DIRECTIONS:
Please return only the lines from the one holding "Lot 265 - CORGI TOYS (GB) (1)" through the one holding "Phoenix's room", exactly as they appear in the records below, both ends included.

Records drawn from a dataset:
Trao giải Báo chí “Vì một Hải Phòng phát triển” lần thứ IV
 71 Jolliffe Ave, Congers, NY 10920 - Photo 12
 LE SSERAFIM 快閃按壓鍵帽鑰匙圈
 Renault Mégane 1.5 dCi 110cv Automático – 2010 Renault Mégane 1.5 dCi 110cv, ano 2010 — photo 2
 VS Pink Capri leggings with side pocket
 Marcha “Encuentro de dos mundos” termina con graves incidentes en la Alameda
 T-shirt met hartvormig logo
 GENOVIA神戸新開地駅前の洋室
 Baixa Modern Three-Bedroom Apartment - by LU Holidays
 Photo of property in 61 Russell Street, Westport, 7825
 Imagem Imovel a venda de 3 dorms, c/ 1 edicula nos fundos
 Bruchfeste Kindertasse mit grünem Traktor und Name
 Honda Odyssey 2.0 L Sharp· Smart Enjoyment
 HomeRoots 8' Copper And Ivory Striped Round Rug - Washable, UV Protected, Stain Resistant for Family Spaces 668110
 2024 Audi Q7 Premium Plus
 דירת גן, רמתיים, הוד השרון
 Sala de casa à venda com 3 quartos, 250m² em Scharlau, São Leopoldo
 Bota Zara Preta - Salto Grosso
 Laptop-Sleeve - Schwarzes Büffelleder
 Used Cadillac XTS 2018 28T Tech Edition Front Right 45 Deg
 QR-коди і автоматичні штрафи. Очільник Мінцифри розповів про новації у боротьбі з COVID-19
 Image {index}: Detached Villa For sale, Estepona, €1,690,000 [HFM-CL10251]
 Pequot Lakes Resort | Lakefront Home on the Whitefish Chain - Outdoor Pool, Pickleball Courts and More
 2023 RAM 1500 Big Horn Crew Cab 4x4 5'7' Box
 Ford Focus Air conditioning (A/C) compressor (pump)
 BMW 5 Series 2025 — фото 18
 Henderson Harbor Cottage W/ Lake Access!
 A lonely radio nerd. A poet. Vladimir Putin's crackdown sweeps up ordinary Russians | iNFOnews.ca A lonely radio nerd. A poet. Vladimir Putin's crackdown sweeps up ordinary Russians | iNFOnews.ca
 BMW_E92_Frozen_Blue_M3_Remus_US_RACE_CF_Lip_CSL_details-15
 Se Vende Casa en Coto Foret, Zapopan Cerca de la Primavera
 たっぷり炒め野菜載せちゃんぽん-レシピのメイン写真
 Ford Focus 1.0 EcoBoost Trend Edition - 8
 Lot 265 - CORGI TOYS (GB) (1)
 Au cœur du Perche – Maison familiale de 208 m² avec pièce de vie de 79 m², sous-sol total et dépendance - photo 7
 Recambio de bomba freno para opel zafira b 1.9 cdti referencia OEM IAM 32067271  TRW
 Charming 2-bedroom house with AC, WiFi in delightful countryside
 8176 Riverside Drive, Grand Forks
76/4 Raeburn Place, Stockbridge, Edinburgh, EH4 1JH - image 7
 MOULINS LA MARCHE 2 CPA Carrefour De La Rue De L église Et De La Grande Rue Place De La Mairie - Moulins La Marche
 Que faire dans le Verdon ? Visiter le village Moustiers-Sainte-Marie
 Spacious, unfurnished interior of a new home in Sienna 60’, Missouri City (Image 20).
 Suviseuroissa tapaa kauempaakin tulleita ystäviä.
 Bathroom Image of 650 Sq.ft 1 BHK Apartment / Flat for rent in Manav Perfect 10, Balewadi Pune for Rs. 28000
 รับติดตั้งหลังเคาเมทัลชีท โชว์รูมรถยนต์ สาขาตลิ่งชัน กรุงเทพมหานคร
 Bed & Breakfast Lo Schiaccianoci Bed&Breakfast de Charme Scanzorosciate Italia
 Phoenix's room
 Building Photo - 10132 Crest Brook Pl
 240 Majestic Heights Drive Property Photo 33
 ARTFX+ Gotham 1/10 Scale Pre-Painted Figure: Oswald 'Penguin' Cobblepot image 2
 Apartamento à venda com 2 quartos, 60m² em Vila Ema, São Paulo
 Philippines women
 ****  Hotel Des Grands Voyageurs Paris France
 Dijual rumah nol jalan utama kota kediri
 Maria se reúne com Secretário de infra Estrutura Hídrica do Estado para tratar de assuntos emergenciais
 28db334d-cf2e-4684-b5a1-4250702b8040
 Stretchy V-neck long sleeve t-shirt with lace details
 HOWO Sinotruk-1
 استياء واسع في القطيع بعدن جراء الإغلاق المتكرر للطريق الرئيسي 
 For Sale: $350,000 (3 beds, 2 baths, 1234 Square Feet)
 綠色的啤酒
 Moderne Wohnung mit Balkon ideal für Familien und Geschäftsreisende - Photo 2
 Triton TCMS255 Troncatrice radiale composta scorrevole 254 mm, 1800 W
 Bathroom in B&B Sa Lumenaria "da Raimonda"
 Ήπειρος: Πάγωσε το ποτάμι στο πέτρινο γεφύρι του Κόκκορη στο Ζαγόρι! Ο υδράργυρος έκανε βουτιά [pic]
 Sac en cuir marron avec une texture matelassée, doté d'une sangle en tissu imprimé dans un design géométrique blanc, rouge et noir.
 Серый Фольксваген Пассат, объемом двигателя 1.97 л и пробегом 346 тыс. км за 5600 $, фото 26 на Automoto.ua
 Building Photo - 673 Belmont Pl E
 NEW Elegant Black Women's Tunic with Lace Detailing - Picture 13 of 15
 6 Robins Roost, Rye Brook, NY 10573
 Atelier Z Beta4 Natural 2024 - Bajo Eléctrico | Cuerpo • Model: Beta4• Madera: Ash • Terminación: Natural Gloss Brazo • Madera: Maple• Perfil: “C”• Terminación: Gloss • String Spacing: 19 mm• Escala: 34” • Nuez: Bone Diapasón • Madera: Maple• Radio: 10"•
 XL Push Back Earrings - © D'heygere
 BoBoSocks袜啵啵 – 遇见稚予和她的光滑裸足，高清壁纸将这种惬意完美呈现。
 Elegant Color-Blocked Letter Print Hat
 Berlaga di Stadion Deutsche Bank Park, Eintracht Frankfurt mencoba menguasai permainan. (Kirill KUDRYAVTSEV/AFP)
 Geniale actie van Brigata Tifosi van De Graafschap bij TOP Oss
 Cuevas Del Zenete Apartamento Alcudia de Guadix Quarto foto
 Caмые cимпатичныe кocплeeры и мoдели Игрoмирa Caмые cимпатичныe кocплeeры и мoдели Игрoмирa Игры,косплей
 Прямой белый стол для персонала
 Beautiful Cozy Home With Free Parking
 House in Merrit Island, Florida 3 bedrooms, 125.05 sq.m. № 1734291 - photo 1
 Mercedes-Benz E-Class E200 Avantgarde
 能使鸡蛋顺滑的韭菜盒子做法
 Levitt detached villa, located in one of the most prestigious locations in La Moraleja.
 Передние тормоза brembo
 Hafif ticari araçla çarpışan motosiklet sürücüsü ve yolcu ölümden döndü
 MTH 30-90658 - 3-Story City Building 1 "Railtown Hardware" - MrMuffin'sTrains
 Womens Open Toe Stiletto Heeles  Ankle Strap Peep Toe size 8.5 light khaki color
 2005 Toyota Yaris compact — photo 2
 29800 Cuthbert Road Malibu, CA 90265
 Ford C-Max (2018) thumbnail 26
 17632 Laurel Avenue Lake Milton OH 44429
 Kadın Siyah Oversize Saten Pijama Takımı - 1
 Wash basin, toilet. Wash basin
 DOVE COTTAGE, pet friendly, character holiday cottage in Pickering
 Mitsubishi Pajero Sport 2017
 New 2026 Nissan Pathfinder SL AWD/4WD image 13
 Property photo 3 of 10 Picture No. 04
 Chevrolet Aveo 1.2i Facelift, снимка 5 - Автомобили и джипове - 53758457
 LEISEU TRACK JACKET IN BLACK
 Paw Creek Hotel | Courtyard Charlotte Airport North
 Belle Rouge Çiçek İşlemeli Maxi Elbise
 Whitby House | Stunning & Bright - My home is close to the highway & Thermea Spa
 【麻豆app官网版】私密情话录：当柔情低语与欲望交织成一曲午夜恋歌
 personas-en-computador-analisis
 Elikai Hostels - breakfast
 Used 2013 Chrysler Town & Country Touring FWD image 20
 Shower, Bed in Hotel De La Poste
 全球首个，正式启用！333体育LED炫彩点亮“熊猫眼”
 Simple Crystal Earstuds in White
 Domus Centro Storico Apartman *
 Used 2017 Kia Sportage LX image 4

RESPONSE TO THE EXERCISE:
 Lot 265 - CORGI TOYS (GB) (1)
 Au cœur du Perche – Maison familiale de 208 m² avec pièce de vie de 79 m², sous-sol total et dépendance - photo 7
 Recambio de bomba freno para opel zafira b 1.9 cdti referencia OEM IAM 32067271  TRW
 Charming 2-bedroom house with AC, WiFi in delightful countryside
 8176 Riverside Drive, Grand Forks
76/4 Raeburn Place, Stockbridge, Edinburgh, EH4 1JH - image 7
 MOULINS LA MARCHE 2 CPA Carrefour De La Rue De L église Et De La Grande Rue Place De La Mairie - Moulins La Marche
 Que faire dans le Verdon ? Visiter le village Moustiers-Sainte-Marie
 Spacious, unfurnished interior of a new home in Sienna 60’, Missouri City (Image 20).
 Suviseuroissa tapaa kauempaakin tulleita ystäviä.
 Bathroom Image of 650 Sq.ft 1 BHK Apartment / Flat for rent in Manav Perfect 10, Balewadi Pune for Rs. 28000
 รับติดตั้งหลังเคาเมทัลชีท โชว์รูมรถยนต์ สาขาตลิ่งชัน กรุงเทพมหานคร
 Bed & Breakfast Lo Schiaccianoci Bed&Breakfast de Charme Scanzorosciate Italia
 Phoenix's room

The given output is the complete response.